It's - so the idea that this raises deep, serious questions about the operation of peer review in science is, to any scientists, frankly incom- absurd. And that's - so that's the context issue and the worry over that. The other one is about data access. Again, this is an important issue. When I've started getting asked questions about the emails, I recognised this as an important problem. I phoned John Christy and Eduardo Zorita, both of whom are mentioned very critically in the emails - they're definitely on the "other side" to Phil Jones, and they're certainly not members of Phil Jones's camp, as it were, within climate science circles - to ask them if either of them had ever had any problem whatsoever getting data out of CRU, and the answer from both of them was: of course not. And I think it's a great shame that your book doesn't emphasise that point.

Phil Jones has always been completely open about his data, his methods and the background to the datasets he produces with other climate scientists. The difficulty which we face - now, as climate scientists - is thanks to Freedom of Information legislation, we are no longer allowed to distinguish between other scientists and activists or members of the public. And that, of course, is going to change the way science works. And I think you'e quite right there - if enforced in this way, it will change the way science works. I think we have to ask quite serious questions about whether that change is desirable.

The old peer-review system of scientists operating, criticising each other's works within the scientific community, where basically you had to at least get a Masters in the relevant discipline in order to enter this community - so we had a kind of a gatekeeper system, which meant that the number of people asking these questions was limited - has worked pretty well, for several hundred years. And do we really want to throw this out and replace it by open - you know, open out-try [sounded a little like "outcry" but the second bit was definitely "try") in the blogosphere, or whatever your preferred method is. And I know that you're going to go on to take up these issues on peer review, so I won't talk further about that.

So I think what the tragedy here is what's really lost through the whole Climategate saga is a sense of perspective. A sense of what these emails actually reveal about climate science. I mean, you correctly said, at the end, you know, it didn't really make any difference to the evidence for global warming, but relentlessly throughout the whole Climategate saga, journalists have kept reminding us - and you've kept reminding us as well, Fred - that, you know, Phil was the curator of the instrumental record of global temperature, that was the crown jewel, and so on. And none of the supposedly scandalous emails really pertained to that at all. And to that central record. And so it's - the sort of, the real libel on climate science, if you like, is to keep reminding people that Phil was looking after that instrumental record, when in fact he wasn't - it was being looked after by the Met Office, by the time any of this blew up.

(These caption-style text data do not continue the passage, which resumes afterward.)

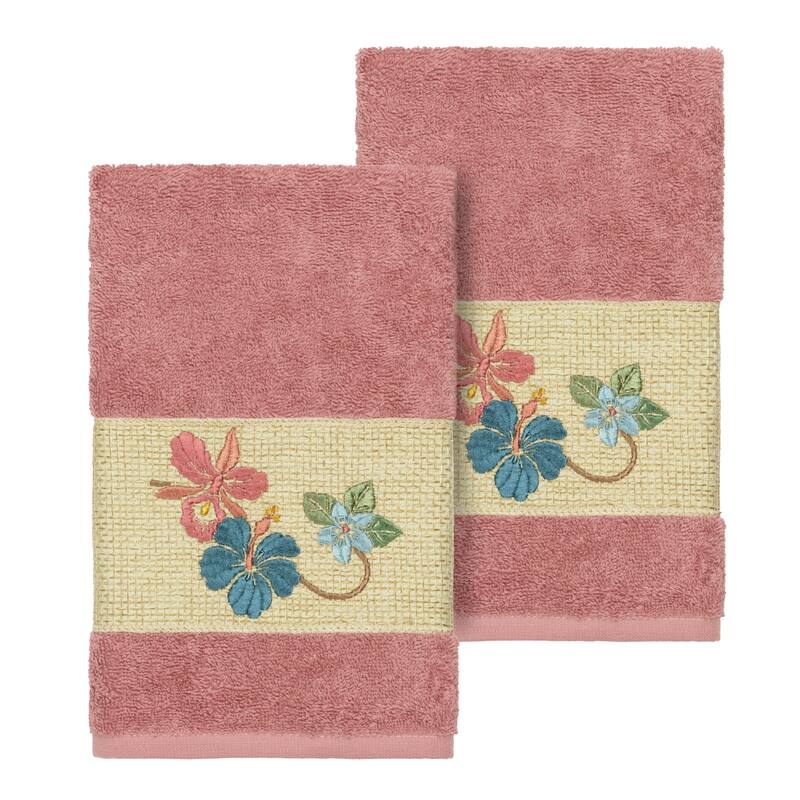 Authentic Hotel and Spa Turkish Cotton Floral Vine Embroidered Tea Rose 2-piece Towel Hand Set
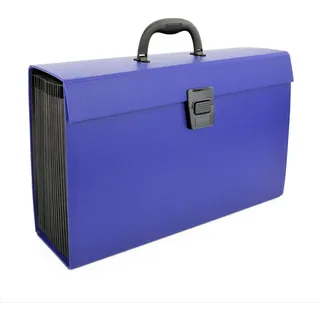 Rapesco 1553 Fächermappe Aktentasche 19 Fach Dokumentenbox, A4+, Blau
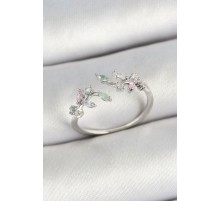 Pirinç Yaprak Figürlü Zirkon Taşlı Gümüş Renk Ayarlanabilir Kadın Yüzük - TJ-BYK3769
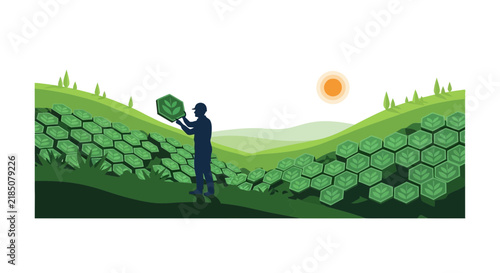 Smart Farming Vector Illustration with Farmer and Hexagonal Crops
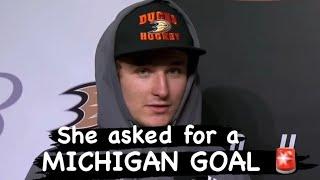 Trevor Zegras post game interview  MICHIGAN LACROSSE style goal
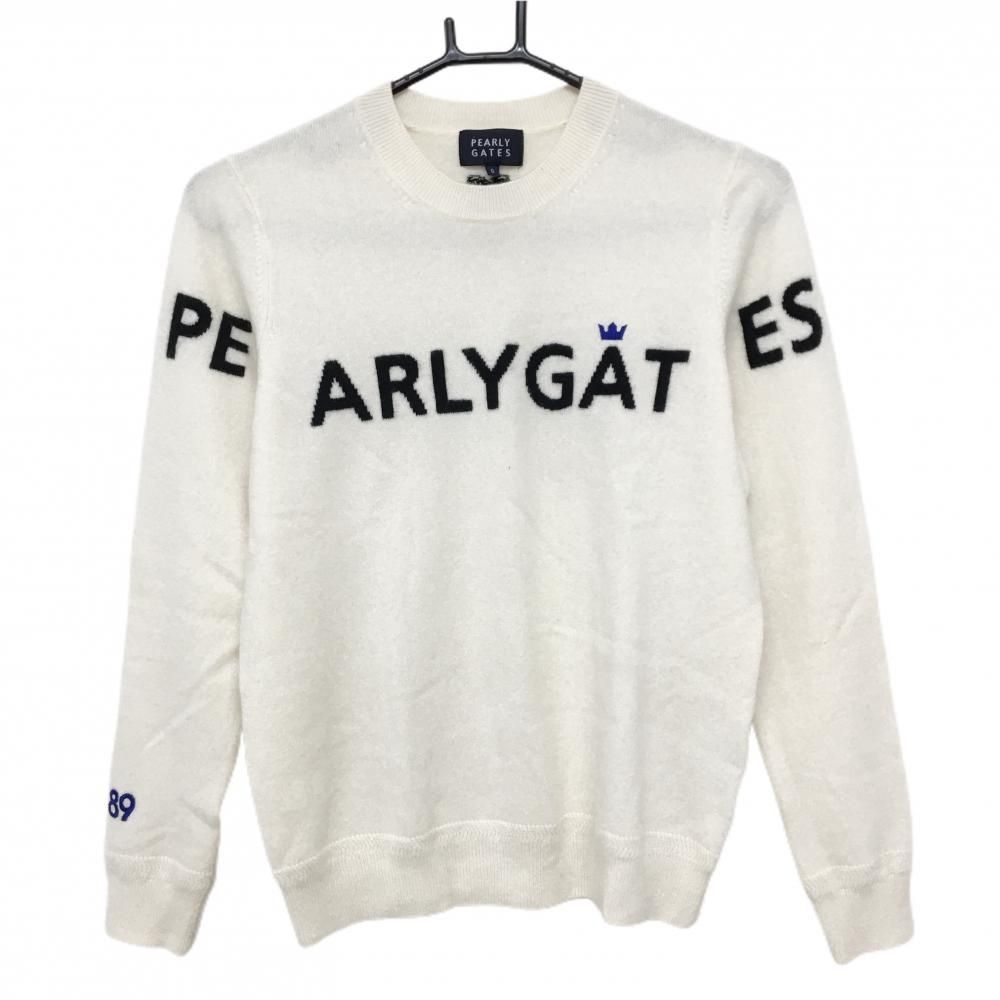 パーリーゲイツ セーター 白×黒 カシミヤ ロゴ レディース 0 S ゴルフウェア PEARLY GATES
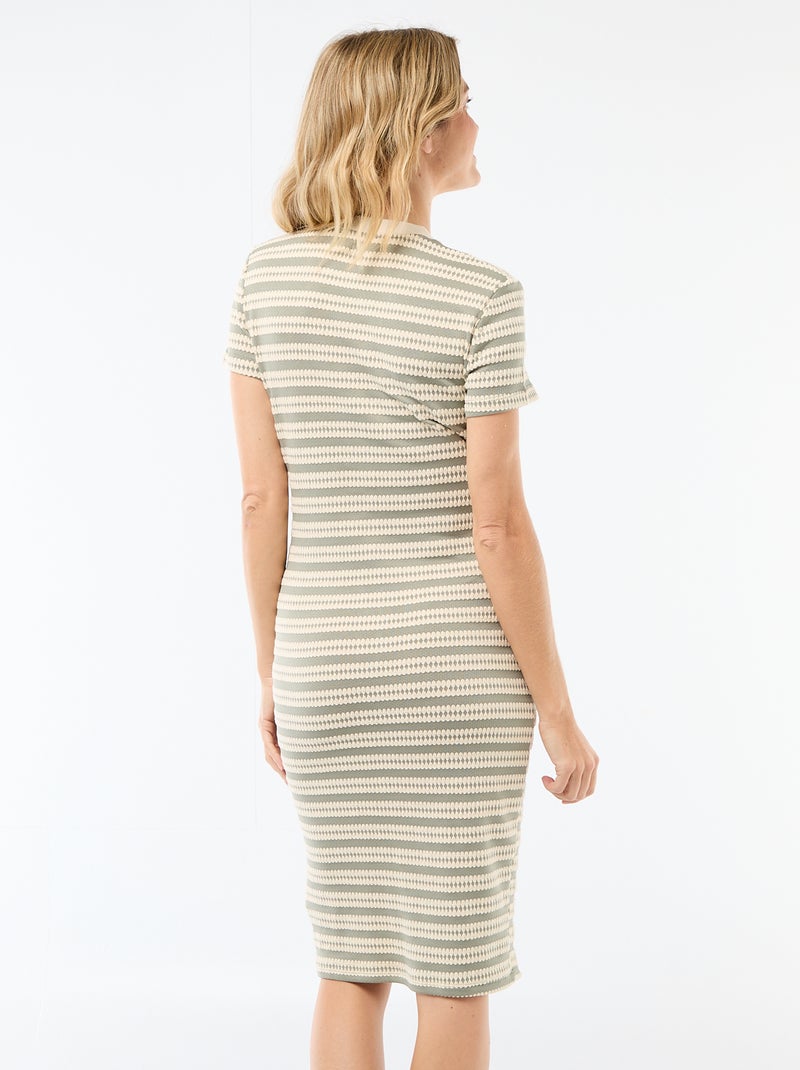 Vestido de lactancia de punto calado Blanco - Kiabi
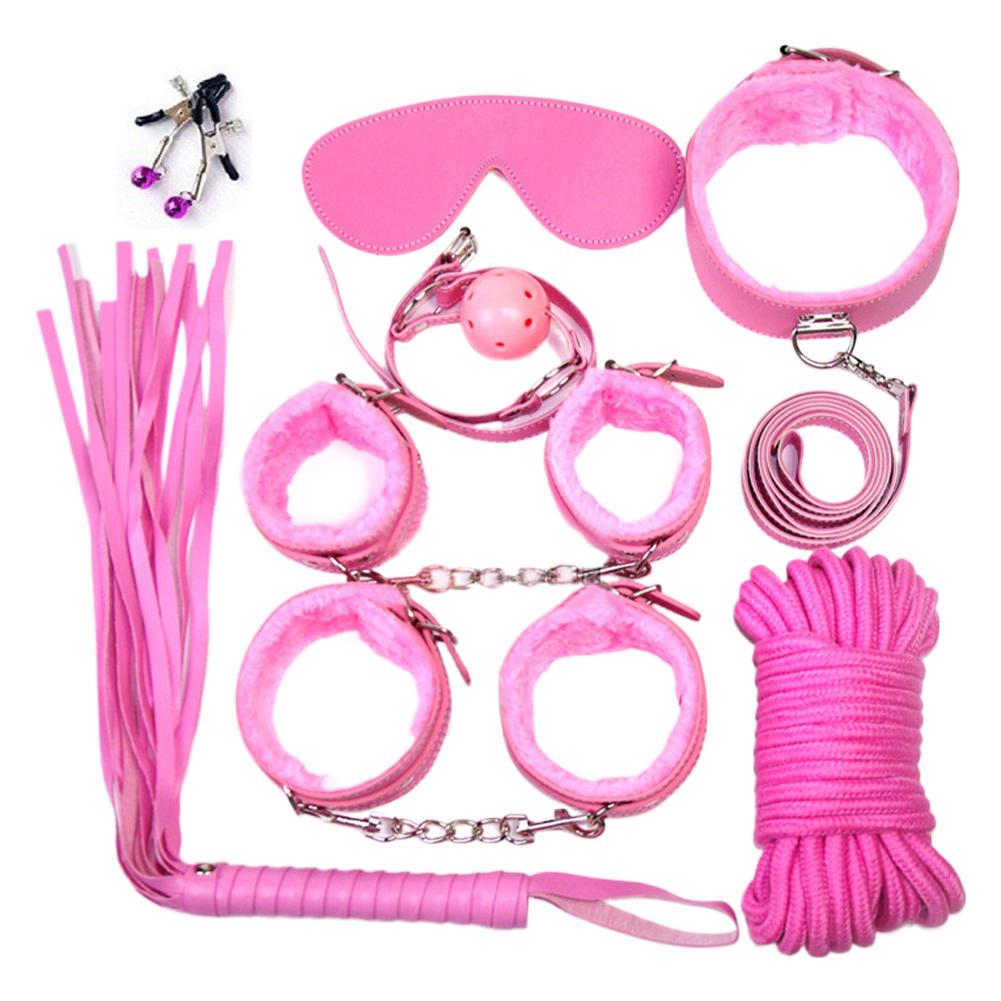 Sexy Leather BDSM Kits Plush Sex Bondage Set Handcuffs Sex Games Whip Gag Nipple Clamps Sex Toys For Couples Adults Games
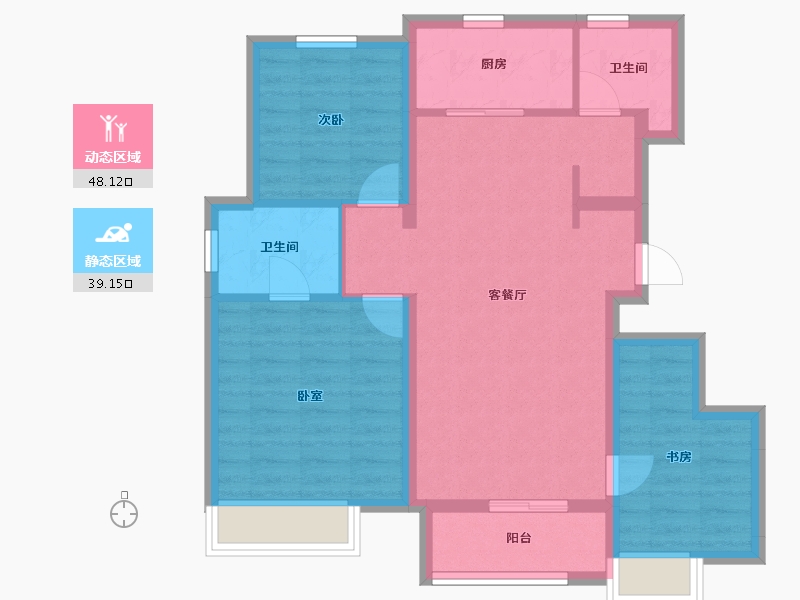 天津-天津市-实地常春藤-77.58-户型库-动静分区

And it's a bit like a Diana story - if you can find any link to Diana, it gives you an excuse to put Diana on the front page. And if you can find any remote link to the instrumental temperature record, of course, it, sort of, makes the story sound important. And that's what I think is - that's where we lose a sense of perspective, here. So, I think that's where I didn't like your book. It's interesting stuff, but I think the - I'm sorry but I felt that the sense of proportion is quite well illustrated by this figure. Showing that figure betrays a lack of sense of proportion about the climate issue. You know, I don't think that's going to happen, Fred. Okay? I'm a climate scientist. All right.

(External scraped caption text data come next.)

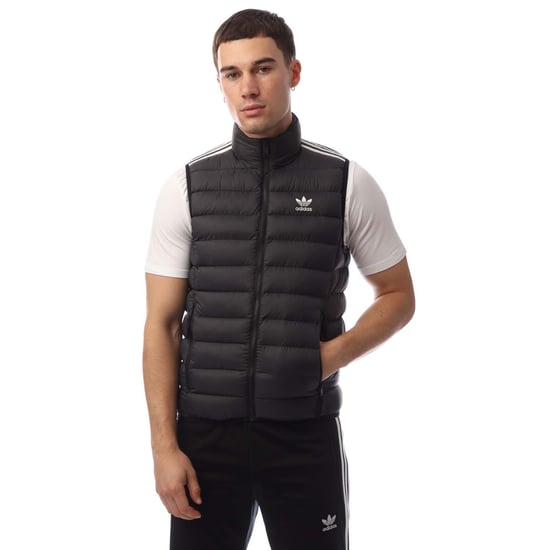 Men's adidas Originals Padded Stand-Up Collar Puffer Vest in Black - Image 1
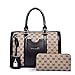Women Handbag,Women Bag, KINGH Vintage PU Leather Shoulder Bag Purse 2 PCS Set Bag 089 Black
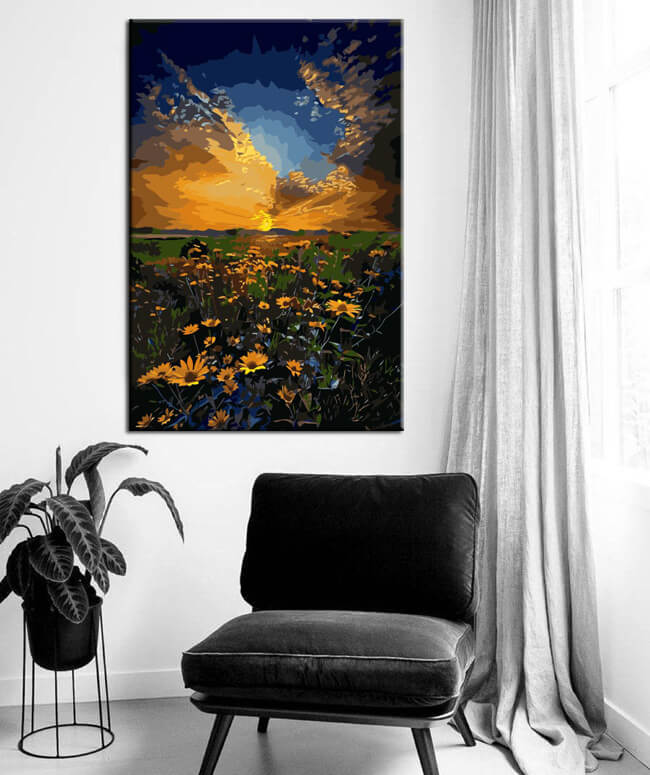 Painting by Numbers Sunflowers At Sunset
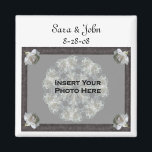 White Roses Elegant Wedding Favour Photo  Magnet<br><div class="desc">Elegant frame with white rosebuds save the date wedding favour refrigerator magnet. Ready for your special photo. Fill in your information in the template. Make more changes to text and font size, style, and colour. Add your photo by clicking on Change and upload your picture. Click on Customise to adjust...</div>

Damian Carrington: Thank you very much, Myles Allen. [Audience applause.] Right - Adam Corner.

Adam Corner: I think we all owe Fred a debt of gratitude, actually, for doing the honourable thing and wading through all those emails, because I'm sure they weren't all as exciting as the ones that were on the screen. But I want to pick up on a point of Myles's, which is really about a sense of perspective, and how much does this matter - from two angles, really. Firstly, how much does it matter in terms of what impact has it had on public attitudes towards climate change? And secondly, how much does it matter in terms of the way science is practised?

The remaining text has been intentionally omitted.